Ronald Reagan rozumiał komunizm lepiej od sowietologów, ponieważ sam doświadczył, czym on jest, jako jeden z amerykańskich liderów związkowych w Hollywood. Jak Państwo wiedzą, związki zawodowe w USA były w ogromnej mierze spenetrowane przez sowiecką agenturę, do tego stopnia, że jedna z najważniejszych central związkowych CIO znalazła się pod pełną kontrolą Sowietów, a prawdziwi liderzy związkowi musieli prowadzić przeciwko komunistom walkę wewnątrz swoich organizacji, aby utrzymać czystość ruchu związkowego w USA. Prawdziwi związkowcy rozumieli więc, jak okrutni i pozbawieni skrupułów byli komuniści. To właśnie dlatego związki zawodowe w USA były jednym z najpotężniejszych antykomunistycznych środowisk. Reagan nie tylko spotkał się z ich działalnością, lecz także studiował ich sposób działania.
Studiował te kwestie bardzo dokładnie i zrozumiał, że fundamentalną zasadą systemu komunistycznego była nie tylko sprawa militarnej inwazji. Zrozumiał, że jest to system głęboko opresyjny i korupcyjny, który nie respektuje ludzkiej wolności, godności, nie ma moralnej legitymacji, że jest po prostu plagą ludzkości.
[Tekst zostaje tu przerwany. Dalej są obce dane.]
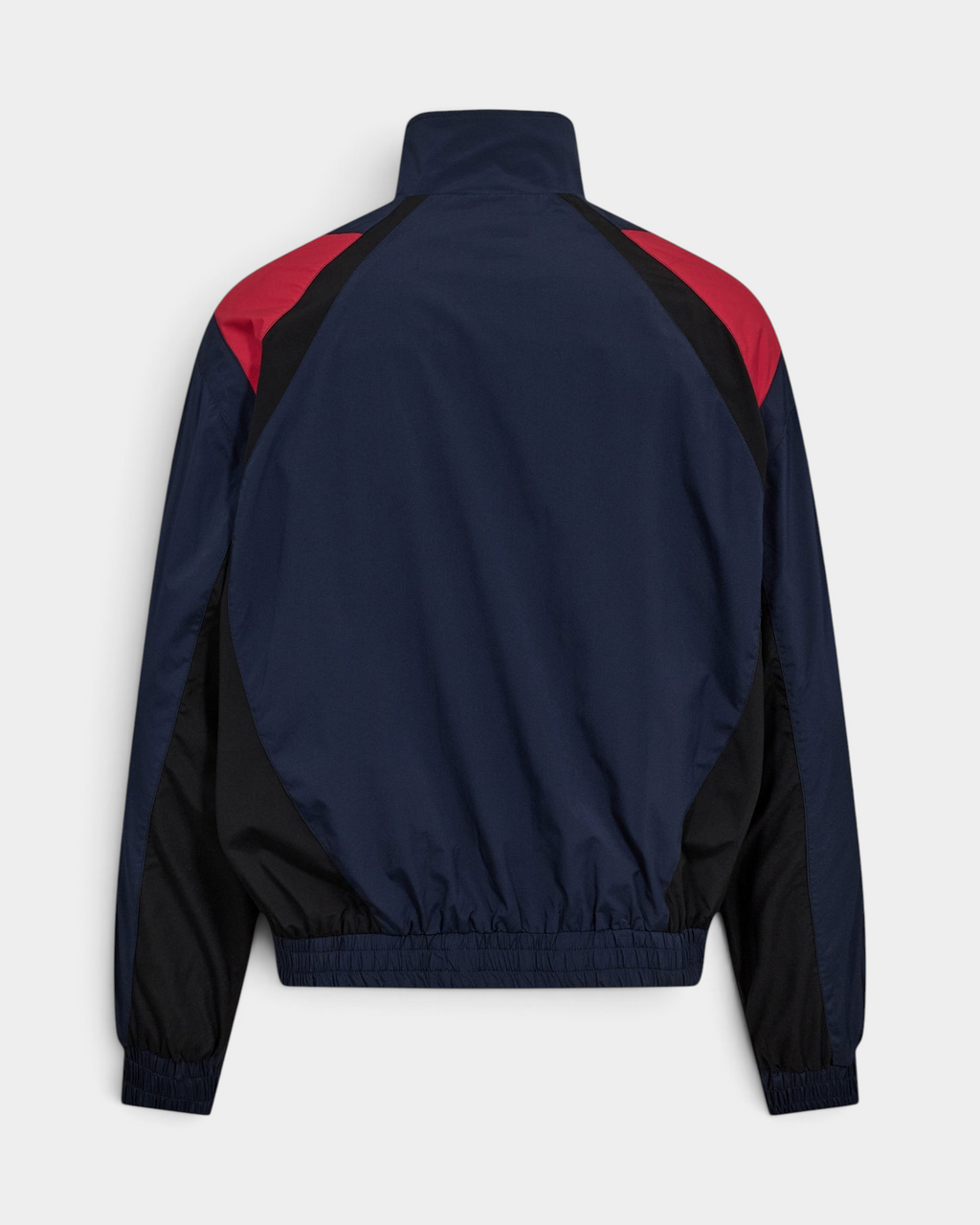 Han Kjøbenhavn Retro Track Jacket in Midnight Navy laid flat from the back, showing the red and black colour-blocked shoulder panels and the elasticated hem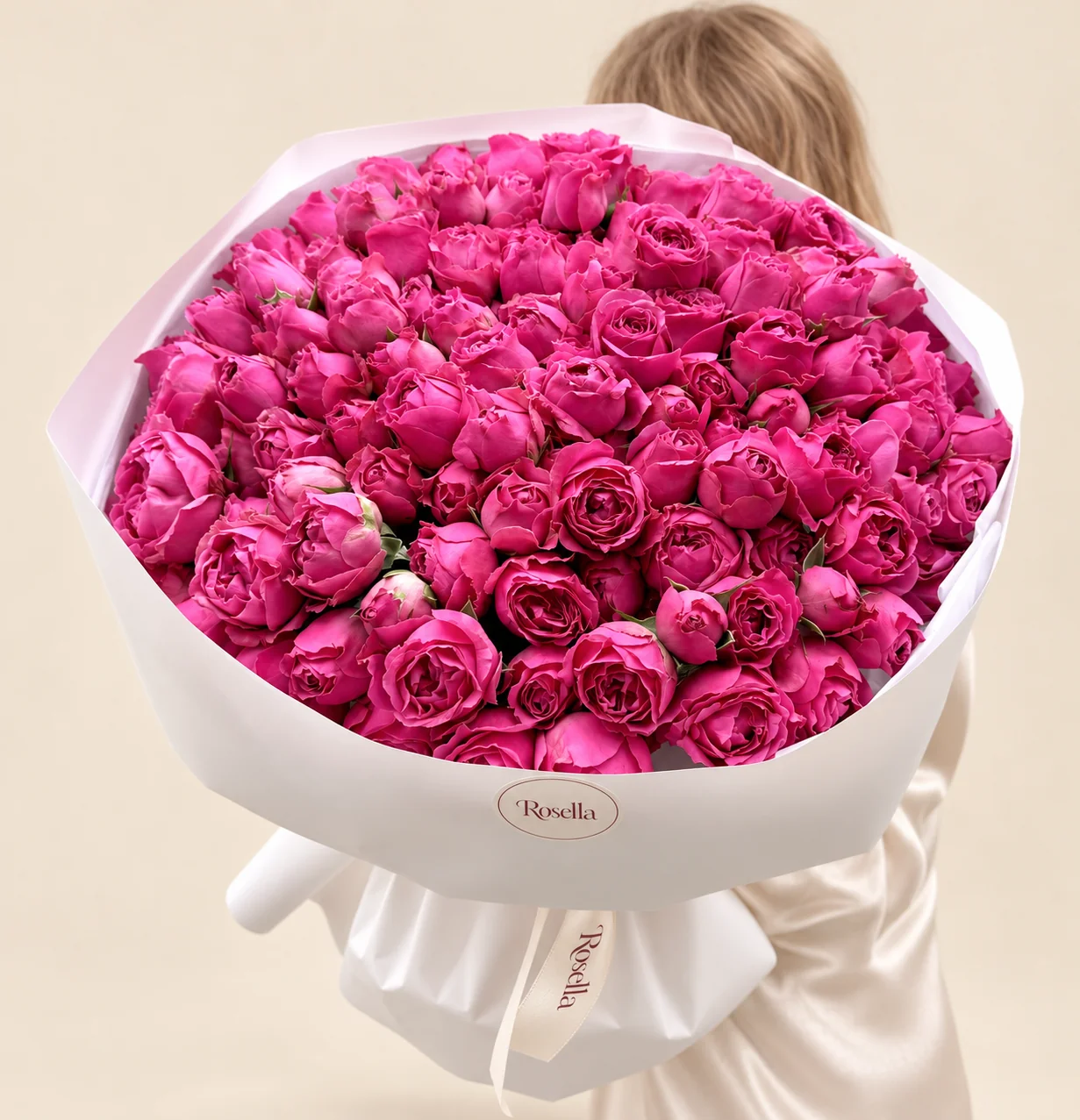 110 spray roses in a hand-tied bouquet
Zrozumiał, że to system oparty na kłamstwie, którego wyrazem była ideologiczna linia partyjna, ta zaś określała stopień konformizmu, a ten z kolei był częścią wewnętrznego państwowego systemu bezpieczeństwa. To prowadziło do prób kontrolowania umysłów, zachowań. Ten zestaw elementów był czymś w rodzaju rytmu wybijanego przez dobosza dla maszerujących żołnierzy. Ci, którzy nie maszerowali, mogli być karani przez systemowego sierżanta – czyli policję polityczną.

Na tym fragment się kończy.